◆ Work order
Return the lines beginning at the one that contains "Kilo Verdikten Sonra" and running to the end of the records, exactly and with nothing else. Omit pictures.

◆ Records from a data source
·····
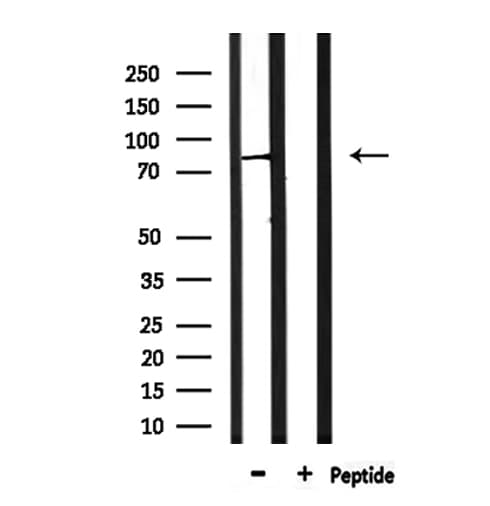 Polyclonal Rabbit anti-Human PIGQ Antibody (IF, WB)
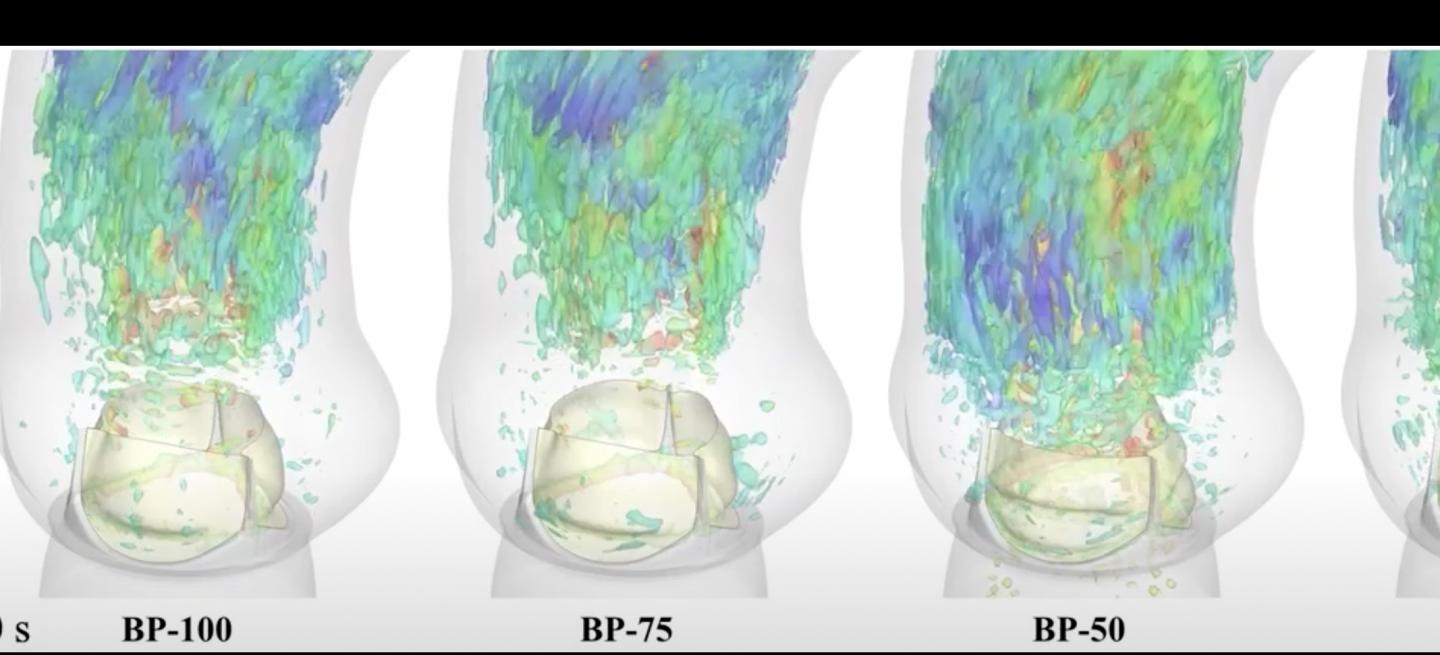 Blood Flow Vortices Generated from Bioprosthetic Aortic Valve Implants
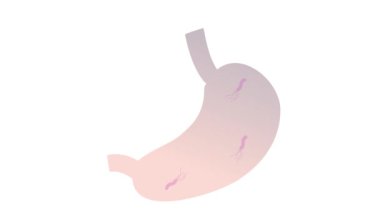 stomach kidneys vector illustrationAnimation video of stomach infected with Helicobacter pylori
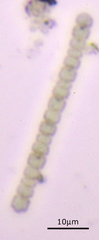 Anabaena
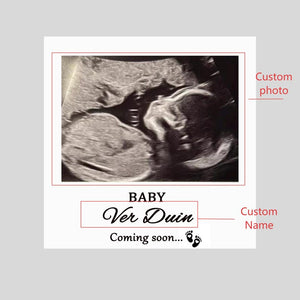 Personalised Ultrasound Building blocks,Baby Scan Photo Building Block,PuzzleDecor,Building blocks,Gifts for New Daddy,Father's Day Gift
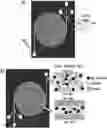 Fig. 01 - Fluidic device for the detection, capture, or removal of a disease material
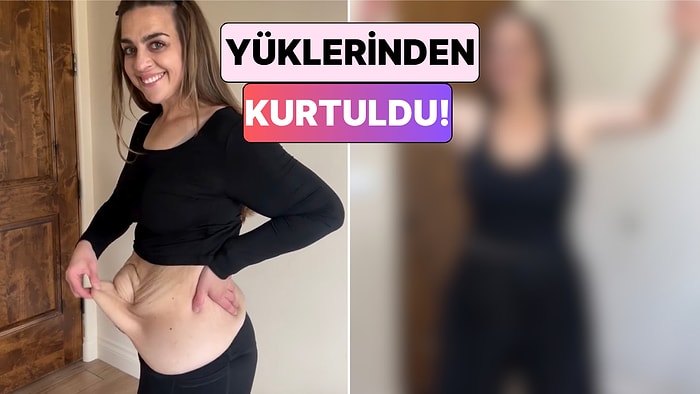 Kilo Verdikten Sonra Deri Sarkması Problemi Yaşayan Kadın Geçirdiği Ameliyatların Ardından Değişimini Paylaştı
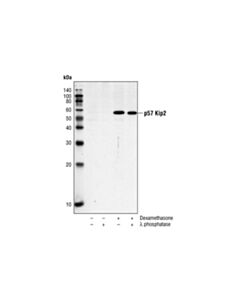 Cell Signaling P57 Kip2 Antibody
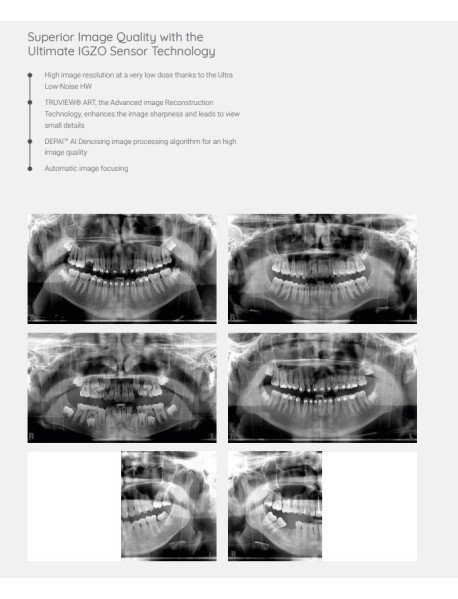 X LİNE İtaly Panoramik Röntgen Cihazı X LİNE İtaly Panoramik Röntgen Cihazı
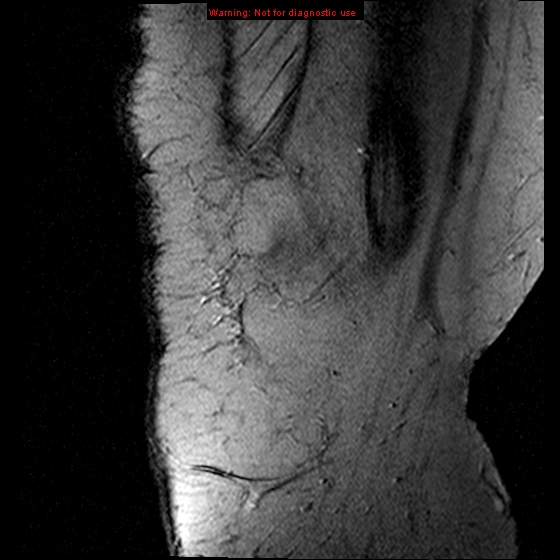 File:Anterior cruciate ligament tear (Radiopaedia 12329-12612 A 22).jpg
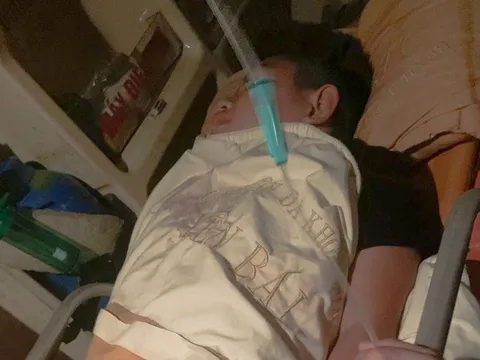 Tình trạng sức khỏe nam sinh bị bạn hành hung rồi hất xuống hồ ở Lào Cai 0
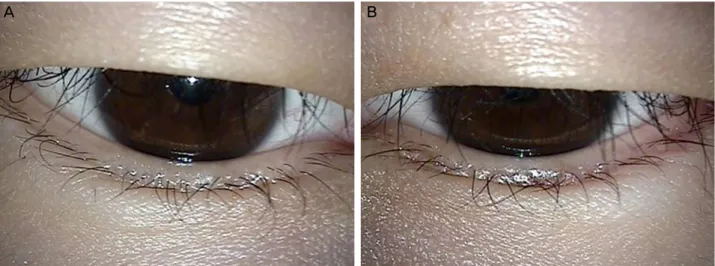 Figure 3. At the postoperative 6-month follow-up, there was no recurrence or inflammation at the operation site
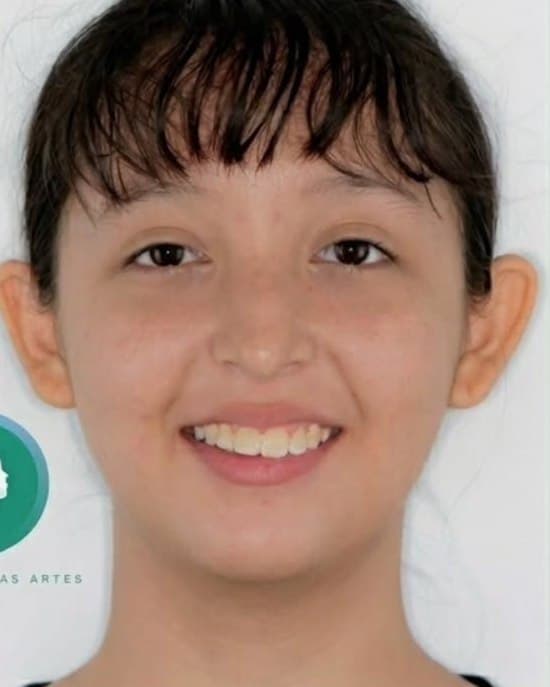 Renovación total de sonrisa — después del tratamiento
·····
◆ Output of the exercise
 Kilo Verdikten Sonra Deri Sarkması Problemi Yaşayan Kadın Geçirdiği Ameliyatların Ardından Değişimini Paylaştı
 Cell Signaling P57 Kip2 Antibody
 X LİNE İtaly Panoramik Röntgen Cihazı X LİNE İtaly Panoramik Röntgen Cihazı
 File:Anterior cruciate ligament tear (Radiopaedia 12329-12612 A 22).jpg
 Tình trạng sức khỏe nam sinh bị bạn hành hung rồi hất xuống hồ ở Lào Cai 0
 Figure 3. At the postoperative 6-month follow-up, there was no recurrence or inflammation at the operation site
 Renovación total de sonrisa — después del tratamiento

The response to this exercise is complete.